Als Moderator sind Sie in Sonneberg schon eine ganze Weile dabei ...

Hametner: – im Programmheft steht bereits zum achten Mal. Das hätte ich selbst nicht vermutet –

...Sie kennen die Jazztage jedenfalls mittlerweile gut.

Hametner: Ich habe Peter Wicklein, den Initiator, kennen gelernt, als wir mit MDR Figaro eine Sendung aus Sonneberg gemacht haben. Wir haben damals viele Städte-Porträts gemacht. Im Vorgespräch stieß ich auf Peter, und er hat angeboten, Livemusik in die Sendung mit aufzunehmen – was wir sonst gar nicht machen. Und zwar mit den Sonneberger Jazzoptimisten. Das haben die so vorzüglich gemacht, dass ich ganz glücklich war. Die offensichtlich auch. Jedenfalls hat er mich dann angesprochen, ob ich die große Jazznacht moderieren kann. Seitdem ist das schon eine Tradition geworden.

Ist denn Sonneberg ein Jazz-Pflaster?

Hametner: Was ich vorher nicht gewusst habe. Wenn ich jetzt hinfahre, nutze ich die Gelegenheit und sehe mir andere Konzerte zum Beispiel am Samstagvormittag an. Ob das im Auto-Zentrum ist oder wo auch immer. Und sehe, dass da wirklich Jazzkenner und Jazzenthusiasten sitzen und hellauf begeistert sind. Bei der Jazznacht ist das Gesellschaftshaus besucht bis zum letzten Platz. Um Mitternacht, wenn wir mit dem Programm zu Ende sind, geht der Ball los. Ich habe einmal gesagt, „Peter, das muss eher sein, die laufen uns sonst weg.“ Da läuft keiner weg. Da bin ich eher schachmatt nach den vier Stunden Programmmoderation.

Kann man denn bei den Musikern in Sonneberg die wilden Wurzeln des Jazz noch spüren?

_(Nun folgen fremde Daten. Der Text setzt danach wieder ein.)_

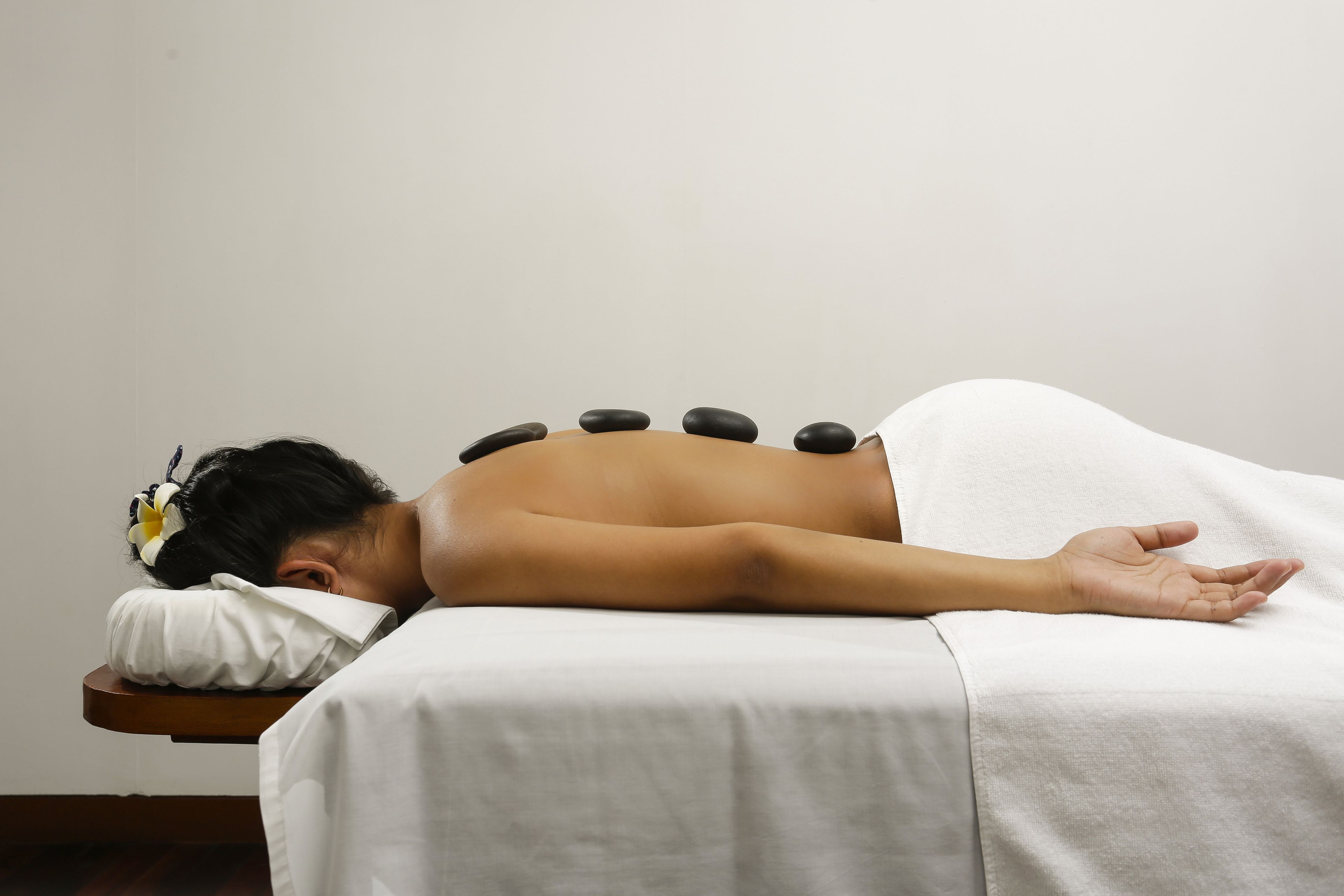 Iemand ontvangt een rugmassage met zwarte stenen op een bed.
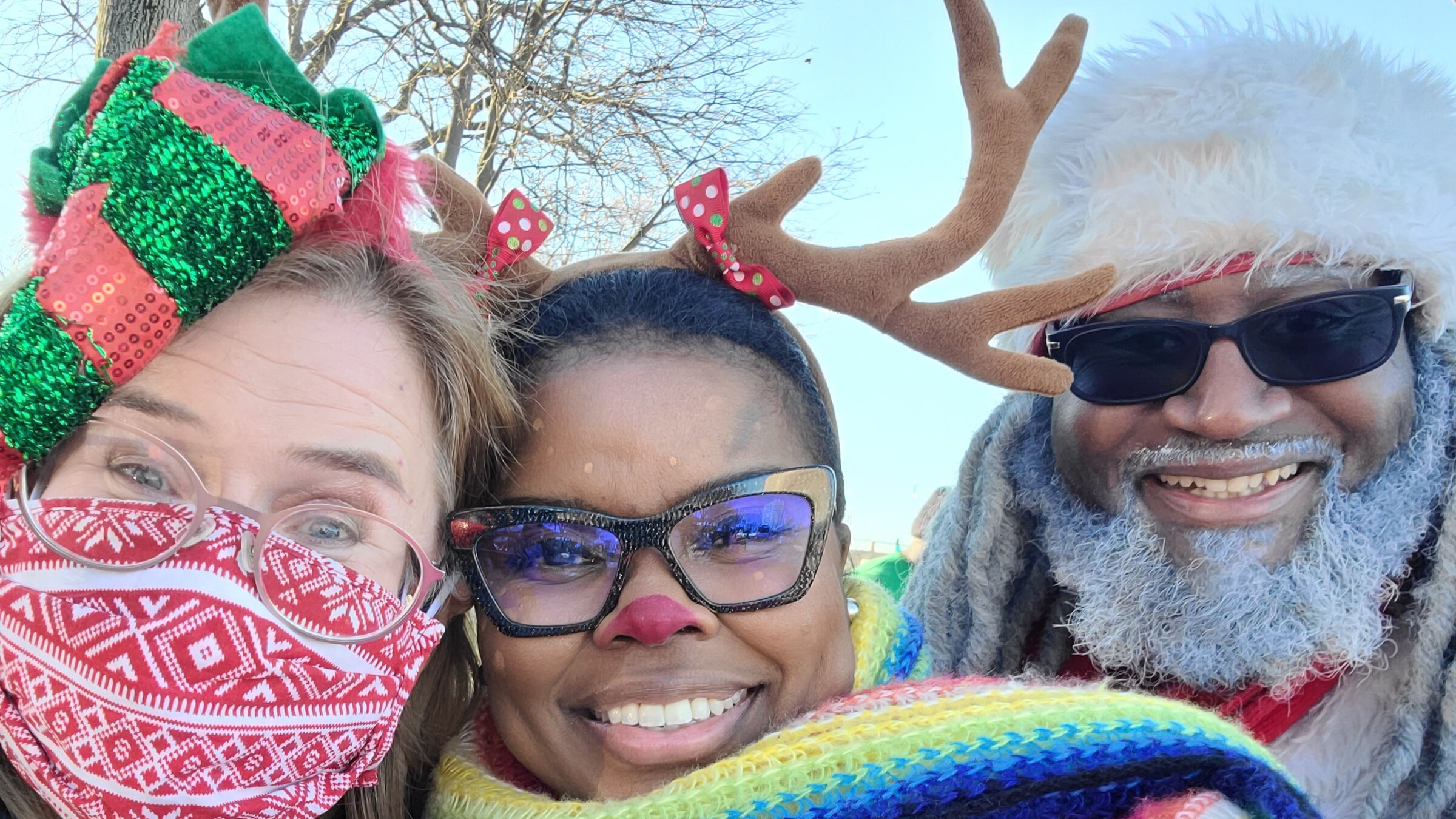 The author (center) helping distribute toys on Christmas day. 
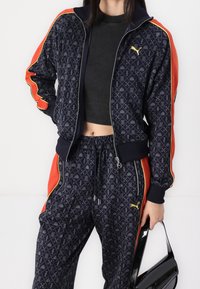 Navy tracksuit with geometric pattern, orange and yellow accents. Features zip front jacket and drawstring pants, paired with a black bag.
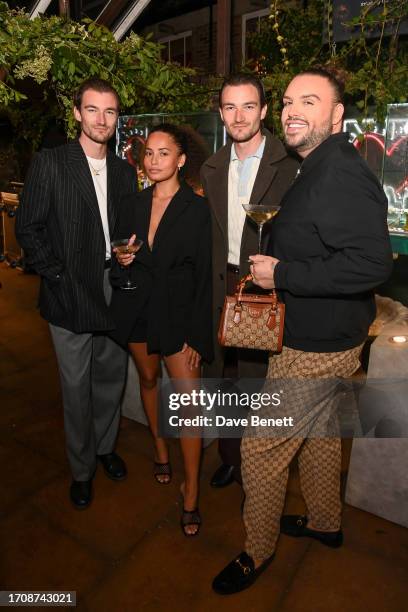 Brett Staniland, Amber Gill, Scott Staniland and guest attend The Diamond Lab's event to unveil the new 'Sealed With a X' collection with an evening...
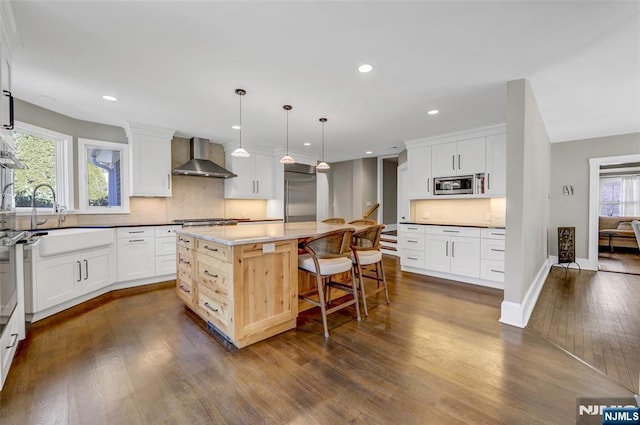 kitchen featuring wall chimney range hood, decorative backsplash, hanging light fixtures, and a kitchen island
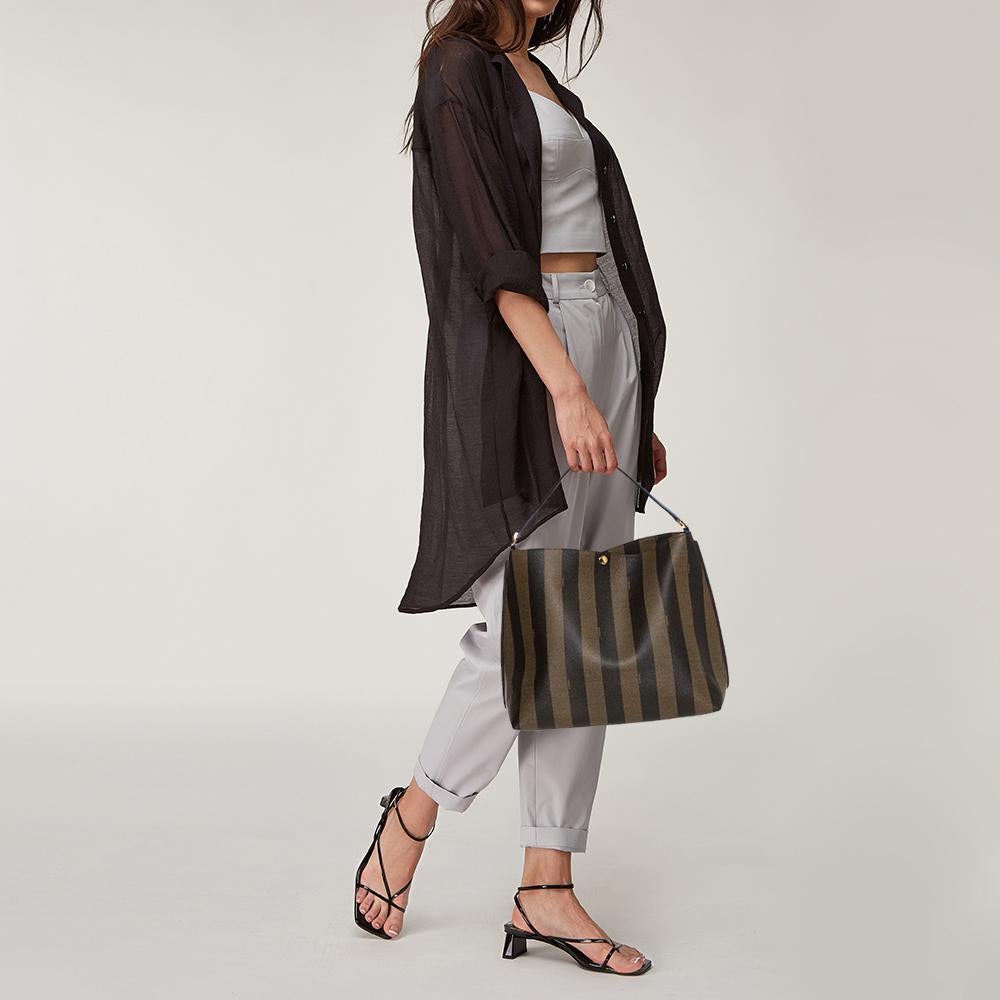 Exhibiting an up-to-date design, this hobo bag by Fendi has a sophisticated look. Crafted from tobacco coated canvas and leather and covered in pequin stripes, the bag opens to a spacious interior and is held by a single top handle. You can team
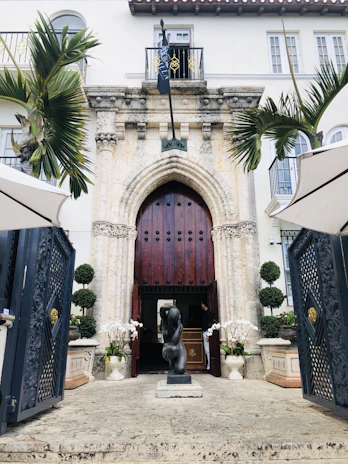 Elegant estate entrance featuring grand wooden doors and lush greenery.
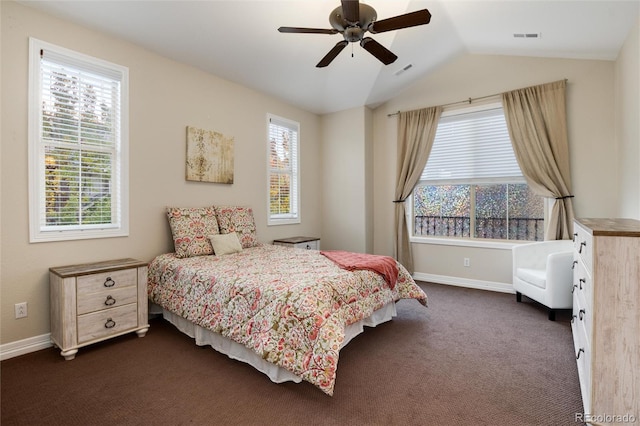 carpeted bedroom featuring multiple windows, lofted ceiling, and ceiling fan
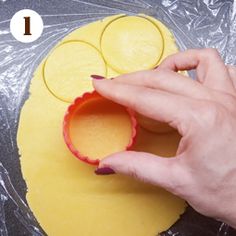 a person is making an object out of dough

Hametner: Ich finde schon! Beim Soundcheck merkt man, dass die Musiker sich auch auf Sonneberg freuen. Entweder wissen Sie es von Kollegen, die schon in Sonneberg gespielt haben. Oder sind auch zum zweiten Mal da, wie in diesem Jahr Errol Dixon bei der großen Jazznacht, den ich gerne wiedertreffe. Der hat eine ganz tolle Performance mit seinem Boogie-Woogie. Der spielt gar nicht von der Bühne herunter, sondern im Saal. Die Musiker lassen sich auf Sonneberg ein, vielleicht weil’s für sie mit der langen Anfahrt über Berge und durch Wälder auch ein bisschen exotisch ist. Und das Publikum weiß mit seinem Beifall an der richtigen Stelle zu sagen: Das war gut. Das merken die Musiker auch, das merke ich ja auch als Moderator. Da hat man sozusagen Kontakt gefunden.